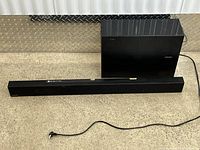 Soundbar and subwoofer with power cord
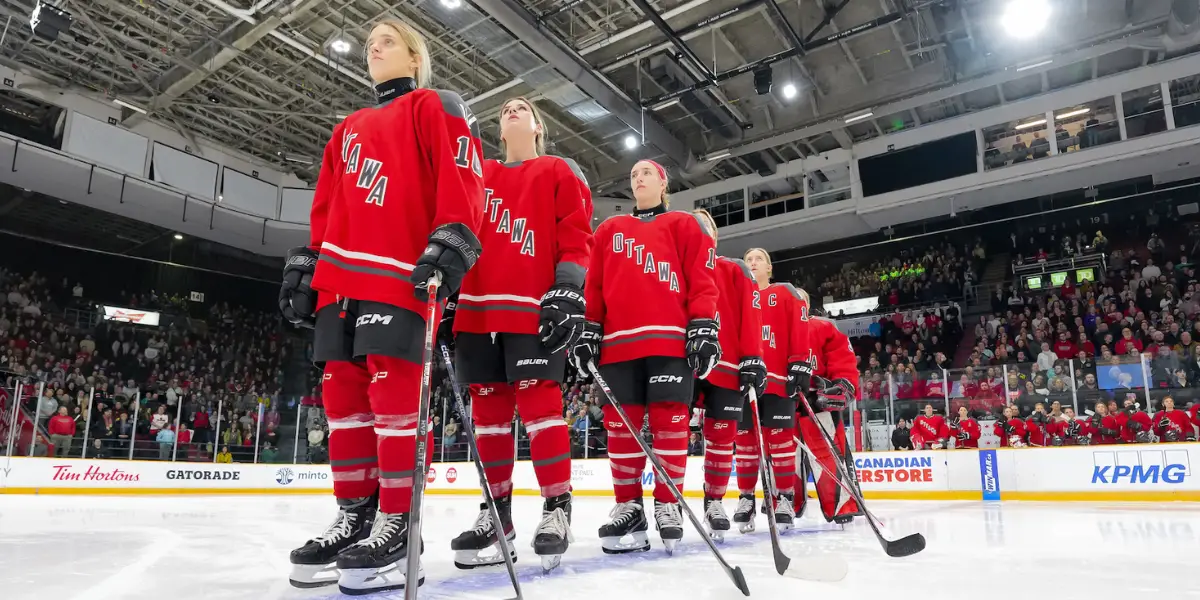 PWHL Players standing at the blue line for the anthems.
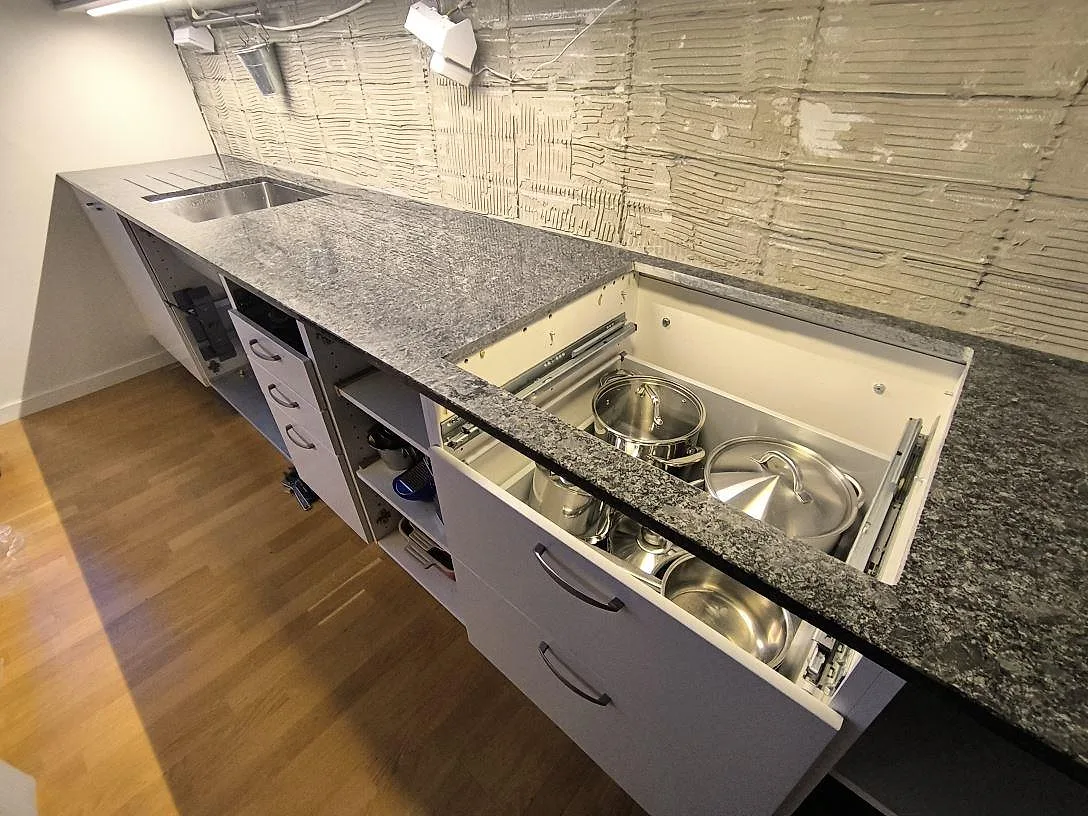 Lång köksbänkskiva i polerad Steel Grey granit med diskho och hällöppning framför öppen köksstomme i Sundbyberg.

WORK ITEM:
Only text belongs in the copy: repeat each line of the data exactly and leave out the pictures.

EXERCISE SOLUTION:
 Soundbar and subwoofer with power cord
 PWHL Players standing at the blue line for the anthems.
 Lång köksbänkskiva i polerad Steel Grey granit med diskho och hällöppning framför öppen köksstomme i Sundbyberg.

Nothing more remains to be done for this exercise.